REQUIRED ACTION: Go to the line that contains "Robin Hood - Prince" and extract it along with every line after it, exactly, through the end of the data below.

(Collection entries)
*** Block opens ***
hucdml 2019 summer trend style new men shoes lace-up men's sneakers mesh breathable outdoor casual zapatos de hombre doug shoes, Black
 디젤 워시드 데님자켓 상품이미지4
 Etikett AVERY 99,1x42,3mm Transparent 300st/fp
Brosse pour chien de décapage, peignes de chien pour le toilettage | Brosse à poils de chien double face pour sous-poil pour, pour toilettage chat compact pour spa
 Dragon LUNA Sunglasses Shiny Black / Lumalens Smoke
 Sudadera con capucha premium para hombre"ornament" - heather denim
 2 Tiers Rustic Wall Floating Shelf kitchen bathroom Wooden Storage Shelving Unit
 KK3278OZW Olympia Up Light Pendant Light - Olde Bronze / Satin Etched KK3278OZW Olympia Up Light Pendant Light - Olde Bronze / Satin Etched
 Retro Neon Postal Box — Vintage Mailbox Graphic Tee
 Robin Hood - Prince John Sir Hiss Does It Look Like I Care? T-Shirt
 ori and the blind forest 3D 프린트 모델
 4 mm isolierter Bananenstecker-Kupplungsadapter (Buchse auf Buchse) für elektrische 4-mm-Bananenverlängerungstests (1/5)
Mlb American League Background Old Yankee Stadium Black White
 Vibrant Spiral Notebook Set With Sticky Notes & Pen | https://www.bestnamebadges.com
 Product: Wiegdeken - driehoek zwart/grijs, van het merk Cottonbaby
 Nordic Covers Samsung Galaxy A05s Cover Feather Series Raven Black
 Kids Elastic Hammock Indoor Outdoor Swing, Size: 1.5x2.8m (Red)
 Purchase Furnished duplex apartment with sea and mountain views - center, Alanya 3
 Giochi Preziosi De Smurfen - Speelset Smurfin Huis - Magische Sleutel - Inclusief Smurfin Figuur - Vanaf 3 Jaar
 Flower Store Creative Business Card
*** Block closes ***
ANSWER BOX:
 Robin Hood - Prince John Sir Hiss Does It Look Like I Care? T-Shirt
 ori and the blind forest 3D 프린트 모델
 4 mm isolierter Bananenstecker-Kupplungsadapter (Buchse auf Buchse) für elektrische 4-mm-Bananenverlängerungstests (1/5)
Mlb American League Background Old Yankee Stadium Black White
 Vibrant Spiral Notebook Set With Sticky Notes & Pen | https://www.bestnamebadges.com
 Product: Wiegdeken - driehoek zwart/grijs, van het merk Cottonbaby
 Nordic Covers Samsung Galaxy A05s Cover Feather Series Raven Black
 Kids Elastic Hammock Indoor Outdoor Swing, Size: 1.5x2.8m (Red)
 Purchase Furnished duplex apartment with sea and mountain views - center, Alanya 3
 Giochi Preziosi De Smurfen - Speelset Smurfin Huis - Magische Sleutel - Inclusief Smurfin Figuur - Vanaf 3 Jaar
 Flower Store Creative Business Card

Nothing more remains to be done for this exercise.